走向多样化和基于上下文的转述建模：芬兰语的数据集和基线

本文从语料库创建和建模两个角度对自然语言转述进行了研究。我们特别关注的是允许在其自然文本上下文中提取具有挑战性的转述对示例的方法，从而形成一个数据集，与使用各种句子级启发式方法收集的数据集相比，该数据集可能更适合评估模型表示意义的能力，尤其是在文档上下文中。为此，我们介绍了第一个大规模的、完全手动注释的芬兰语转述语料库——图尔库转述语料库。语料库包含104645个人工标记的转述对，其中98%被证明是真实的转述，无论是普遍的还是在其当前上下文中。为了控制转述对的多样性，避免在自动候选提取中容易引入的某些偏差，转述是从不同的转述丰富的文本源中手动收集的。这使我们能够创建一个具有挑战性的数据集，其中包括比通过启发式方法收集的数据更长、更具词汇多样性的释义。除了质量之外，这还允许我们保留每一对的原始文档上下文，从而有可能在上下文中研究转述。

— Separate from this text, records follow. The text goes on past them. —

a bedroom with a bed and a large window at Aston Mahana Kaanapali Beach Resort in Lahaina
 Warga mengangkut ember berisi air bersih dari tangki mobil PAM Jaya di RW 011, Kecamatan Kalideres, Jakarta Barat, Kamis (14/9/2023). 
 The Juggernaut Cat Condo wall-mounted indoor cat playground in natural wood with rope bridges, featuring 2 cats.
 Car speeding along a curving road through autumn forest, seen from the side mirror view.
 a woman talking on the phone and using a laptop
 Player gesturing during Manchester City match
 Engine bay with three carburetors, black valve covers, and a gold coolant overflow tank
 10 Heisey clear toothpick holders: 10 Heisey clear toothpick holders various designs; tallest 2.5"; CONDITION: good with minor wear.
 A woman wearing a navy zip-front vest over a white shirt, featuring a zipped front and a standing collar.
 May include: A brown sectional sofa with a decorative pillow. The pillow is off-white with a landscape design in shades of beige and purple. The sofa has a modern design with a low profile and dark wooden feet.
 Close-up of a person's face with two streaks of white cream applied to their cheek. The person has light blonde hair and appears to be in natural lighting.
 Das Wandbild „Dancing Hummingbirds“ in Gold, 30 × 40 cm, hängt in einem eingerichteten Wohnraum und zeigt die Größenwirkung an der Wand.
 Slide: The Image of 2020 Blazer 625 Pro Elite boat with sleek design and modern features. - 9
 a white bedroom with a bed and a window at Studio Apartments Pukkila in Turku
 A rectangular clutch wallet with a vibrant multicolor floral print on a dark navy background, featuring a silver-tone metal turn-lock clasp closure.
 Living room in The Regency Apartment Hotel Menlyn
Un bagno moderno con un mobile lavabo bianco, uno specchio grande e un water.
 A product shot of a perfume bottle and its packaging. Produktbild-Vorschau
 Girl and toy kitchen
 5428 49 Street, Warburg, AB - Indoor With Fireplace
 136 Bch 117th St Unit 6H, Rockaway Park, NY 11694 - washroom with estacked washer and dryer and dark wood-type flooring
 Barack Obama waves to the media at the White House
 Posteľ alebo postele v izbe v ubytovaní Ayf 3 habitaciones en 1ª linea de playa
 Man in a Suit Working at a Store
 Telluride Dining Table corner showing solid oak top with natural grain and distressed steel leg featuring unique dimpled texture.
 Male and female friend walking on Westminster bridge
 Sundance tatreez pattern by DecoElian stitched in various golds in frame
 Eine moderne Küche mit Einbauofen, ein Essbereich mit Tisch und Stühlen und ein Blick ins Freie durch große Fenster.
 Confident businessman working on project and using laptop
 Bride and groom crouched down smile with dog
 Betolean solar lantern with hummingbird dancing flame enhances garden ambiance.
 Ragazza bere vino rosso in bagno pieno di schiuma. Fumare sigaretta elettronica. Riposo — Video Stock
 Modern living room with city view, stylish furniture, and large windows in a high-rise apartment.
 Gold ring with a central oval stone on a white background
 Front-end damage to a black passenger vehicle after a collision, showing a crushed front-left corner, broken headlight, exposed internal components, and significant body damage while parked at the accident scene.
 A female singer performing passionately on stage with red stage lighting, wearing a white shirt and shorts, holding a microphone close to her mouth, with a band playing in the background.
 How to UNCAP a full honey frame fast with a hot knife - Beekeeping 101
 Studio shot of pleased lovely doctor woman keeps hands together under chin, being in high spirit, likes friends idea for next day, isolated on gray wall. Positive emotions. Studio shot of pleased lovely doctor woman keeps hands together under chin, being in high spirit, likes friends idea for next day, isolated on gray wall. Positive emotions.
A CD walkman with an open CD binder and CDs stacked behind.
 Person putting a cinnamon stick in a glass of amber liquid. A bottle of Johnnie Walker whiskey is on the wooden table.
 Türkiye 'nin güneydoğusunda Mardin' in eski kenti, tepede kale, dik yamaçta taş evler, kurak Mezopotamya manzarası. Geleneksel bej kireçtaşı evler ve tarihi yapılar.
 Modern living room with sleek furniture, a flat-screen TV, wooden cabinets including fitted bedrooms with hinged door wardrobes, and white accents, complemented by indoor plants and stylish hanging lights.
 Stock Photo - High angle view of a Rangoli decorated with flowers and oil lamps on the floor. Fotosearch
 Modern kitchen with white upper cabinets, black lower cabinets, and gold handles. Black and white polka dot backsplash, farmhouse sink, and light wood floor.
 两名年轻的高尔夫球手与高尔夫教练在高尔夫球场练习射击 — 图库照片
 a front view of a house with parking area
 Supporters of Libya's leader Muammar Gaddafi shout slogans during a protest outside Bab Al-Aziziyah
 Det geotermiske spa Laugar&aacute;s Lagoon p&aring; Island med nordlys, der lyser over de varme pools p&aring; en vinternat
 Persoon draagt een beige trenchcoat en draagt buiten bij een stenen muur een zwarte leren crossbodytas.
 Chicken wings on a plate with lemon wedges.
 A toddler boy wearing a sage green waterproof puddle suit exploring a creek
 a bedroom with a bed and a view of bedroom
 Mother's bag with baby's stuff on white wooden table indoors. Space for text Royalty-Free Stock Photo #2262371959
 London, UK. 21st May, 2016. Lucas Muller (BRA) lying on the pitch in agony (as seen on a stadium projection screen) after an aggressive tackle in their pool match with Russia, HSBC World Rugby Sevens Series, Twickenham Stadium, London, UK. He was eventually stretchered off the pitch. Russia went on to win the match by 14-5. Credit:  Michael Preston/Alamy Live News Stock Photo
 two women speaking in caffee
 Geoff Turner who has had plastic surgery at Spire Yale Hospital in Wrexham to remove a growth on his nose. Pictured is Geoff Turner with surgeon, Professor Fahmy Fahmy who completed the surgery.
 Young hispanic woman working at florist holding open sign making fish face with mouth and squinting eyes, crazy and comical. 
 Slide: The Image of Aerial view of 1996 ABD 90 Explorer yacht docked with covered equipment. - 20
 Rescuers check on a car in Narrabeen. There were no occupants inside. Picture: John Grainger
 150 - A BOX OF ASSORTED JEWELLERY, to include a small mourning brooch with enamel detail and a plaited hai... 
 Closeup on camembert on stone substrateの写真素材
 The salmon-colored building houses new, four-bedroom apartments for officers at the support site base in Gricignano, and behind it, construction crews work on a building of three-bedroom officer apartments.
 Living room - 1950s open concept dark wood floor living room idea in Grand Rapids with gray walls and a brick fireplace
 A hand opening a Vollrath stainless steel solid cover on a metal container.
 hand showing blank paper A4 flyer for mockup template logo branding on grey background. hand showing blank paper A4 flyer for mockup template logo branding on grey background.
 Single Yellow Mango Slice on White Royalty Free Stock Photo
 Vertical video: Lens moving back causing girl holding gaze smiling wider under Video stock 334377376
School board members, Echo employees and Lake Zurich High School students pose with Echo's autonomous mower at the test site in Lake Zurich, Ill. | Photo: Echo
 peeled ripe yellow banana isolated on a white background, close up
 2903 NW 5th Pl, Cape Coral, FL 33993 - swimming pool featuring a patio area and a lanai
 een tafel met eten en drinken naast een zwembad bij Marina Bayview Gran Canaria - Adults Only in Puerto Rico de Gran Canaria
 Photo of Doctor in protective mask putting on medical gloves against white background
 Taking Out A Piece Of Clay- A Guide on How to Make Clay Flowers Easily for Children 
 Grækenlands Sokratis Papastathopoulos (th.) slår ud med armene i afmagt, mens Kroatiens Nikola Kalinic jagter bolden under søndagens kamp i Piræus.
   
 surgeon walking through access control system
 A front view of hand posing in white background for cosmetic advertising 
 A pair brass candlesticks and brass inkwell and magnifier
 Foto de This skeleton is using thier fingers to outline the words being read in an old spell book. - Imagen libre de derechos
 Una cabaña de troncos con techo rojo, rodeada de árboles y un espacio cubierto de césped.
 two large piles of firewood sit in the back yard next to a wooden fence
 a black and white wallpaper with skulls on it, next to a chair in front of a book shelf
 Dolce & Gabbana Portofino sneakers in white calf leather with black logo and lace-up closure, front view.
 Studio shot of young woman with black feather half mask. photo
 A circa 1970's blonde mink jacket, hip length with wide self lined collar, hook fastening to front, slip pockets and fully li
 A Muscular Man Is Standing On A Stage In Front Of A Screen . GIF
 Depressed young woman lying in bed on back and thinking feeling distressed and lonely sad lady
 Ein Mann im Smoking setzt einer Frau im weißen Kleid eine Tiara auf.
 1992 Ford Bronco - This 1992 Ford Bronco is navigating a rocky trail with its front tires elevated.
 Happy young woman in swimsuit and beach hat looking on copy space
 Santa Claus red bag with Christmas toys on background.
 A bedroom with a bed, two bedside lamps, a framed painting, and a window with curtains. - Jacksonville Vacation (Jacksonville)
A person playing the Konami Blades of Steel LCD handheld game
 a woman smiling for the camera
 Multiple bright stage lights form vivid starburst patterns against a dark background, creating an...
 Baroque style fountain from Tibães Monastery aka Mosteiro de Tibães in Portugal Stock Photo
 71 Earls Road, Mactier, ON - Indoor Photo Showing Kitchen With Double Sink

据我们所知，这是第一个为注释对提供原始文档上下文的转述语料库。我们还研究了在新数据上训练和评估的几个转述模型。我们最初的转述分类实验表明，当使用语料库注释中使用的详细标记方案进行分类时，数据集具有挑战性，其准确性远远落后于人类表现。然而，在对近400M个候选句子进行大规模转述检索任务的情况下，对模型进行评估时，结果非常令人鼓舞，根据转述类型，29-53%的对被排在前10位。图尔库Paraphrase语料库可在github.com/TurkuNLP/Turku-rebread-Corpus上获得，也可通过CC-BY-SA许可证下的流行HuggingFace数据集获得。

本文章由计算机程序翻译，如有差异，请以英文原文为准。

求助全文

约1分钟内获得全文去求助

来源期刊

Natural Language Engineering COMPUTER SCIENCE, ARTIFICIAL INTELLIGENCE-

CiteScore

5.90

自引率

12.00%

发文量

审稿时长

>12 weeks

期刊介绍： Natural Language Engineering meets the needs of professionals and researchers working in all areas of computerised language processing, whether from the perspective of theoretical or descriptive linguistics, lexicology, computer science or engineering. Its aim is to bridge the gap between traditional computational linguistics research and the implementation of practical applications with potential real-world use. As well as publishing research articles on a broad range of topics - from text analysis, machine translation, information retrieval and speech analysis and generation to integrated systems and multi modal interfaces - it also publishes special issues on specific areas and technologies within these topics, an industry watch column and book reviews.